W hat looks suitable now is fur in piquant traces, decorative little sealskin scarves or squirrel trim for hoods or neat fox collars for coats. All these are very attractive, and marginal enough to suggest the wearer's superiority to fashion altogether, in accordance with the current style. In the same spirit, they can all be jolly fakes. Real is fine; fake is essentially no different. That's because textile technology has finally produced a range of synthetic fluff that vies with fur in visual beauty and tactile lusciousness. Some of this synthetic fiber is wrought into velvet and its cousins plush and chenille, materials known to be man-made even when made of silk. In their company, man-made chinchilla and mink don't seem in the least false.
Best of all, now we can have no fur but the image of fur, pictured skins of the rarest kind with which we can enjoy ourselves in a range of materials. Fur has solved its social and economic identity problem by leaping out of nature and into the virtual-reality third millennium. So we can have plastic hair clips or cotton potholders in zebra skin, vinyl-covered hassocks in giraffe pelt, soft corduroy sofa cushions or tough twill suitcases in tiger fur, and nylon zipper jackets in Dalmatian spots for 4-year-olds. Cheetah spots merge with giraffe spots on bright green or purple Lycra stretch pants. I have a tawny silk blouse printed with a clever blend of black lace and leopard skin. In it I can vaguely resemble a leopard wearing see-through lingerie, a nice mélange of warring erotic symbols.

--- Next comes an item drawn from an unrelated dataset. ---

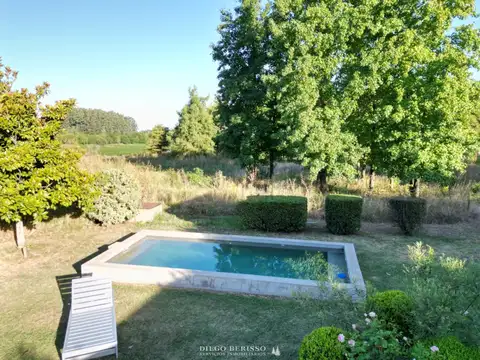 CHACRA EN CAPILLA DEL SEÑOR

Iacquired this blouse soon after my adventures last August. I was in Botswana, looking at the indigenous wild beasts in their living flesh and fur, and I came to understand why leopard is the most desirable of all the fur prints for clothes. It's because of the way a real leopard behaves. All the African animals we saw--spotted, striped, or plain, wart hogs and wildebeests no less than elephants and antelopes, zebras and giraffes--were beautiful, with the integrity of physical design and movement they share with other animals. But among them, it's the leopard who seems to feel it.
We saw only one (they're discreet)--a female, we were told. We watched her emerge from a thicket into a sunlit clearing, and pose. There's no other word for it. She stood perfectly still, head up, tail in a majestic arc, while we stared entranced for a full 30 seconds. Then she paced slowly off as if on a runway, each perfect paw straight in front of the other, haunches delicately swaying, tail holding its curve, peerless coat glittering in the sun. Our guide said that only the leopard walks like that--the lions just shamble and clump along. Of course we deeply loved and respected all those heavy-footed lions, and all those high-shouldered cheetahs, too. But the leopard is another thing; and all things considered, we want to be like her.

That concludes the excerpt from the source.